How do we build teamwork in the special education classroom? The key is to start building the team immediately, at the beginning of class, while continuing to foster solid working relationships as time goes on. We must define teamwork, develop strategies to teach it and introduce fun, engaging activities in the classroom that students and staff can work on collaboratively.

Defining Teamwork

The ability to communicate is a key factor. It also happens to be one of the other soft skills mentioned in Gateway School’s article, Soft Skills in the Employment Environment-Special Education Needs. That skill links the ability to work cooperatively, along with the ability to listen. Group members must be willing to do their share of the tasks. They must be able to solve problems and work toward a common goal. Of course, any team needs a leader or leaders with good team-based skills, modelled at first by the teacher.
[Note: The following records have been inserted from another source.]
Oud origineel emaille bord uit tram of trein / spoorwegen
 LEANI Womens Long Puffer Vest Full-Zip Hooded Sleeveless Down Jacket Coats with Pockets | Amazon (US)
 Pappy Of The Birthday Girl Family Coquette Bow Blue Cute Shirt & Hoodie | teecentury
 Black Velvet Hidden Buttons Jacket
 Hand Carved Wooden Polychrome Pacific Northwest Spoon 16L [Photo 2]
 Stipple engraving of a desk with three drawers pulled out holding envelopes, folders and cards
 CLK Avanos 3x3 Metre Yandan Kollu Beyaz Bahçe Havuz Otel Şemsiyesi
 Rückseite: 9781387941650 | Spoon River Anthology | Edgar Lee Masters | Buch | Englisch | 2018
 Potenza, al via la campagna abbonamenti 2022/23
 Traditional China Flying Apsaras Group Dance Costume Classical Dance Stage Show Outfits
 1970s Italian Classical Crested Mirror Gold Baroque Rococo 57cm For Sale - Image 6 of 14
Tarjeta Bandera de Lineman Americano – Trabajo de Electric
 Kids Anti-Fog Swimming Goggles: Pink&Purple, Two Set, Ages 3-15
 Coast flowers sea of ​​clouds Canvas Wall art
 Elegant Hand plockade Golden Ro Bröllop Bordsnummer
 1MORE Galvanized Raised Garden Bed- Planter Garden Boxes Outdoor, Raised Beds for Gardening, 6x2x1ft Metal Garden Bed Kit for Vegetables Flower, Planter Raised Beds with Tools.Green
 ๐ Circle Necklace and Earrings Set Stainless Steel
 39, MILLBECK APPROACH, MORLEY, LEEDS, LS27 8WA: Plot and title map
Strategies to Teach Teamwork

Special needs learners lack, or struggle with, the emotional maturity or higher-order thinking skills of mainstream students of the same age. In order to develop activities that will teach them to plan, problem solve and communicate effectively in a team situation, we must strategize differently.

One approach that already works well is having a teacher or support person role-model leadership skills while the class performs a teamwork task. Organize students into mini-teams of two or three, and give them a small, easily achievable goal to work toward over a short timeframe. Make the task a written or visual one that has set check points, such as built-in mini-goals along the way. The best strategies will come from the classroom teacher, who knows the students best.

Suggested Activities to Teach Teamwork

Always base the activities on what the students already enjoy doing. The higher their comfort level, the more you can focus on teaching teamwork. For example, all kids love a class barbecue or party. Have them write out and complete the steps together. The display boards in school always need to be covered. Have kids arrange artwork on them as a team activity. Do you want to get messier or a bit more complicated? Bake a cake or some muffins with them. Different activities will require different levels of supervision. Besides, there will probably be plenty of cleaning up to do. There’s another teamwork activity, the possibilities are there if you look hard enough!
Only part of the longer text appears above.